The great difficulty that lay in the way of the settlers of this country was the battle with the forest. Immense trees covered nearly all the land;—certainly all of what was first opened,—and though this timber was convenient for building their houses and barns, and making rails for their fences, it had to be cleared from the ground to make way for culture. First, when upon the ground, a house was made of logs and covered with thin boards, riven out of oak blocks, and next floored with slabs of split oak. Then came the clearing, which was done by grubbing out the bushes—and cutting off the smaller trees, which, with the brush were immediately burned. Then the trees were deadened, by chopping a girdle of notches through the bark. The ground was then ready to be plowed, as well as the rough state of it would allow, and planted with Indian corn, potatoes and pumpkins. As the trees never put out leaves after the girdling, they did not affect the crops with shade. In the fall the corn was gathered and, wheat sown where it stood. The next year more land was cleared and treated in like manner. But as the cattle and pigs lived in the forest, and boarded themselves there the greater part of the year, substantial fences—the zig-zag rail fence—had to be built around each field; and this fencing cost nearly as much labor as the clearing. Had they not adopted the plan of deadening the trees, it would have been more than the poor emigrants could have compassed, to have cut the trees down and removed them from the ground. As it was, the trees stood till they dried up, and the branches dropped off and the trunks fell. The rubbish was cleared up and burned each spring till it was gone. In those places where the timber, like beech, elm and maple, could not be deadened, it was the custom to chop down all the trees, felling them one way; and after they had lain a year or two, set fire to the whole mass, burn it off, and work between the stumps, till they rotted, which soon took place with that kind of timber.

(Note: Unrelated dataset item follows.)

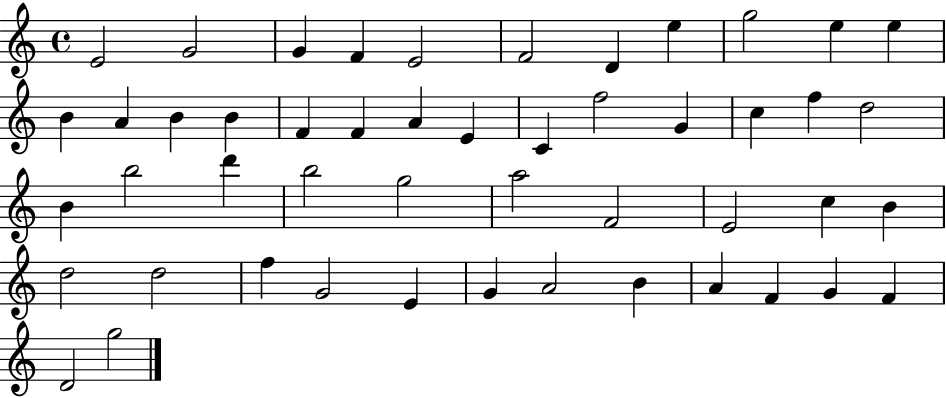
E4/h G4/h G4/q F4/q E4/h F4/h D4/q E5/q G5/h E5/q E5/q B4/q A4/q B4/q B4/q F4/q F4/q A4/q E4/q C4/q F5/h G4/q C5/q F5/q D5/h B4/q B5/h D6/q B5/h G5/h A5/h F4/h E4/h C5/q B4/q D5/h D5/h F5/q G4/h E4/q G4/q A4/h B4/q A4/q F4/q G4/q F4/q D4/h G5/h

Throughout the whole of the middle-aged emigrant's life there was a steady fight with the forest. At times this was hard and fierce. If a man was poor, and had no sons to help him, he had, as we used to say, "a hard row to hoe". But I have many a time seen a man and his wife and daughters gathering and burning brush and building fence on a spring clearing, with far better spirits than our ladies often do their spring shopping.
On this subject of clearing the ground, people who have not been acquainted with the process, have little idea of the necessary slovenliness of it. Ever since I can remember, I have heard farmers from old settled countries, particularly Englishmen, grumble about the stumps and dead trees; and recently I saw an article in an Upper Canada paper, lauding an invention for pulling out trees by the roots, as a blessing to emigrants, in clearing the land. The use of such a machine would be a curse. If I wanted to clear a farm, I wouldn't have the trees pulled out that way for me for nothing. Fancy the labor of getting rid of all this green timber, and filling up and smoothing over the holes left from the trees! I hope the Emigration Societies wont inflict such a contrivance upon the poor men coming over to people the new lands of Ontario. When you clear land for a farm, the true policy is to do it with the least labor possible, and depend upon the aid of burning and rotting to get rid of the timber.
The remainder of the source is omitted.